Hadoop gives unprecedented access to cluster computational resources to every individual in an organization. The MapReduce programming model is simple and supports a develop once deploy at any scale paradigm. This leads to users exploiting Hadoop for data processing jobs where MapReduce is not a good fit, for example, web servers being deployed in long-running map jobs. MapReduce is not known to be affable for iterative algorithms. Hacks were developed to make Hadoop run iterative algorithms. These hacks posed severe challenges to cluster resource utilization and capacity planning.
Hadoop 1.X has a centralized job flow control. Centralized systems are hard to scale as they are the single point of load lifting. JobTracker failure means that all the jobs in the system have to be restarted, exerting extreme pressure on a centralized component. Integration of Hadoop with other kinds of clusters is difficult with this model.

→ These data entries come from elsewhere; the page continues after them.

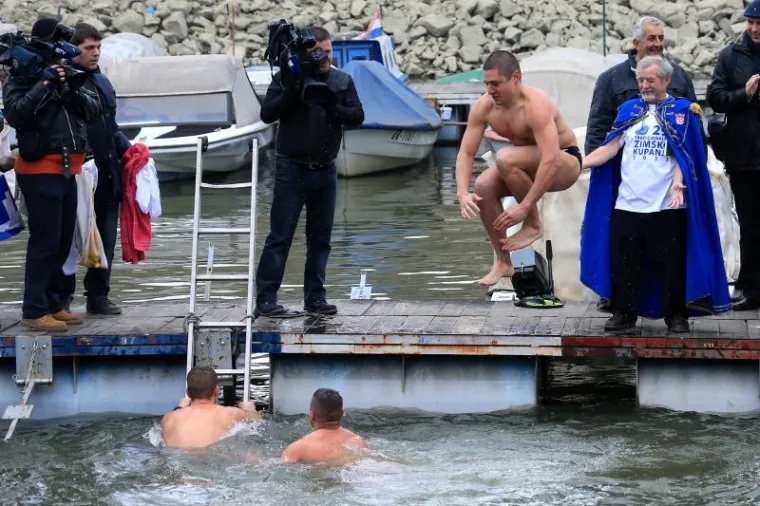 Nekolicina Kohortaša skupili su hrabrost i skočili u ledenu Dravu.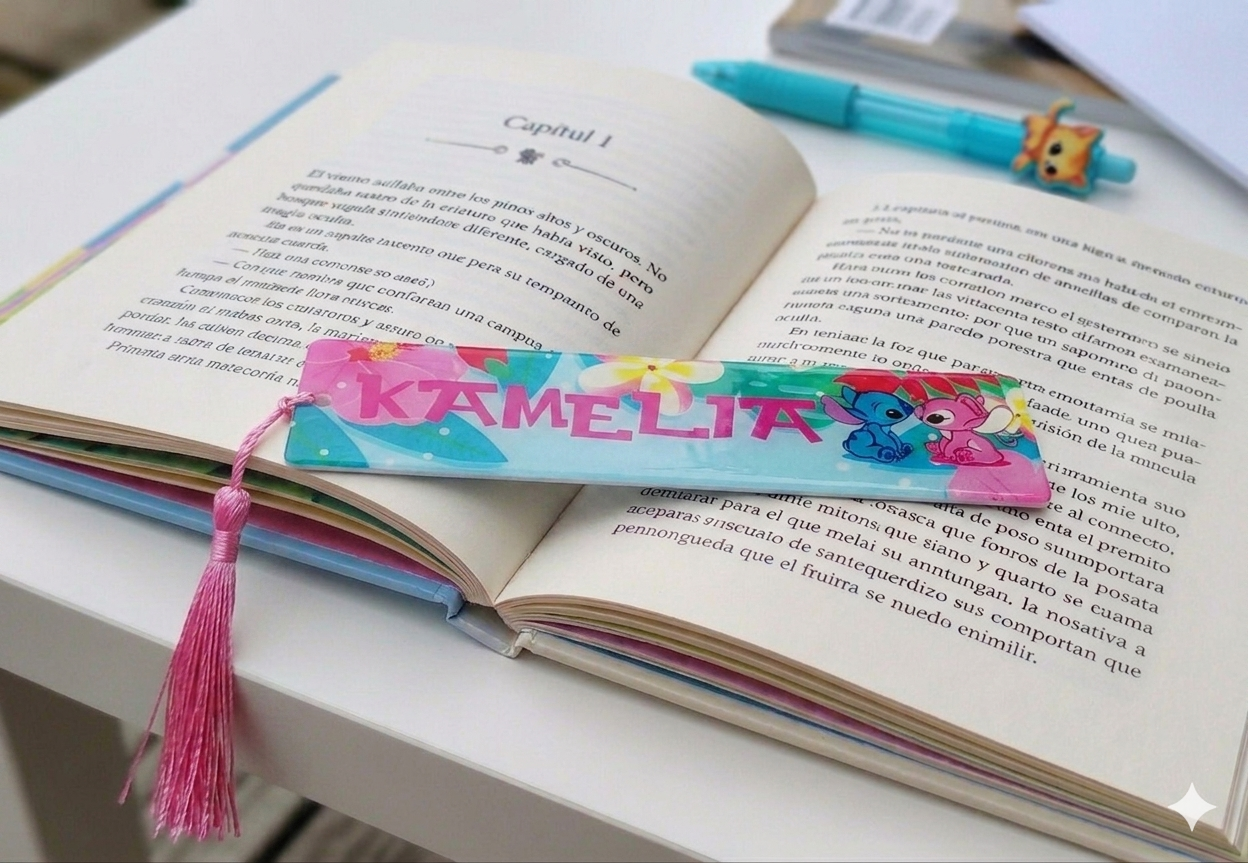 Marcapáginas personalizado infantil de metacrilato con resina - Imagen 4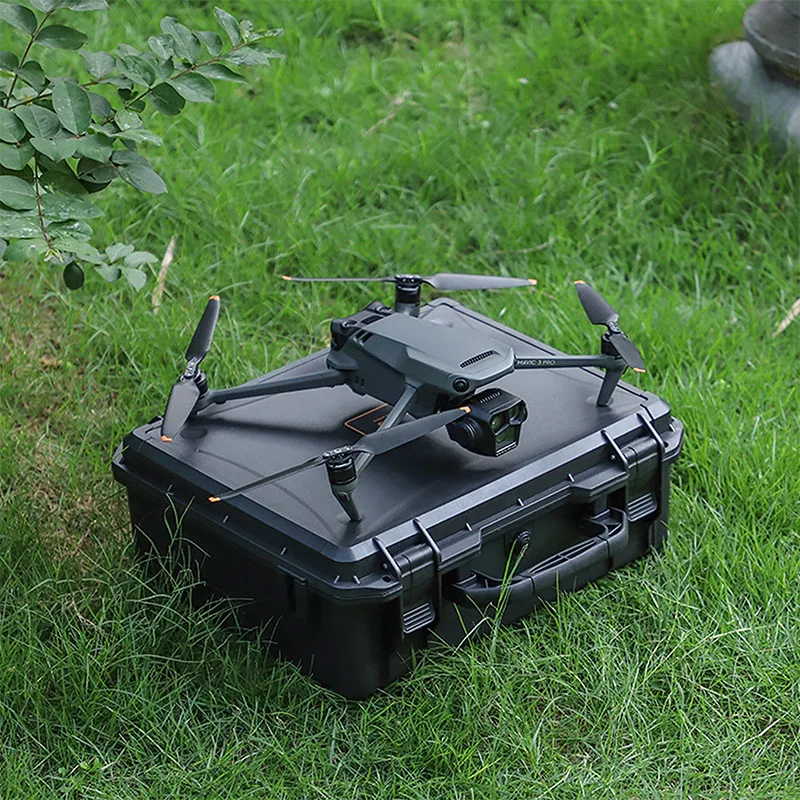 Sac étanche pour Mavic 3 Pro placé à côté d'un drone, vue d'ensemble de l'équipement
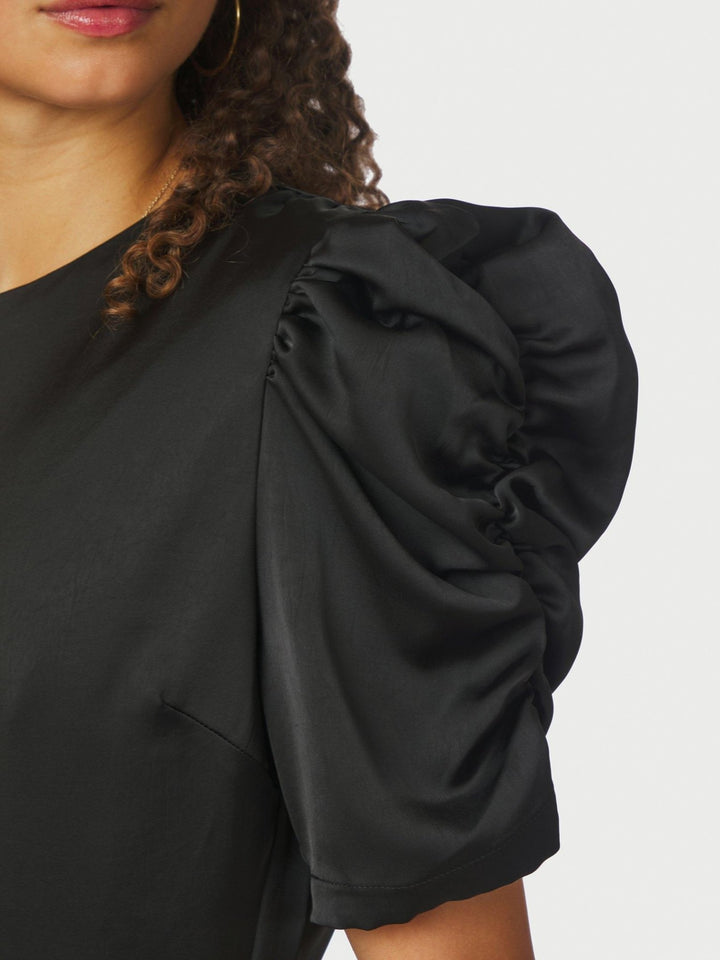 Benua Heavy Sateen Blouse Black | Skjorter og bluser | Smuk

The early releases in Hadoop 1.X had a single NameNode that stored all the metadata about the HDFS directories and files. The data on the entire cluster hinged on this single point of failure. Subsequent releases had a cold standby in the form of a secondary NameNode. The secondary NameNode merged the edit logs and NameNode image files, periodically bringing in two benefits. One, the primary NameNode startup time was reduced as the NameNode did not have to do the entire merge on startup. Two, the secondary NameNode acted as a replica that could minimize data loss on NameNode disasters. However, the secondary NameNode (secondary NameNode is not a backup node for NameNode) was still not a hot standby, leading to high failover and recovery times and affecting cluster availability.
Hadoop 1.X is mainly a Unix-based massive data processing framework. Native support on machines running Microsoft Windows Server is not possible. With Microsoft entering cloud computing and big data analytics in a big way, coupled with existing heavy Windows Server investments in the industry, it's very important for Hadoop to enter the Microsoft Windows landscape as well.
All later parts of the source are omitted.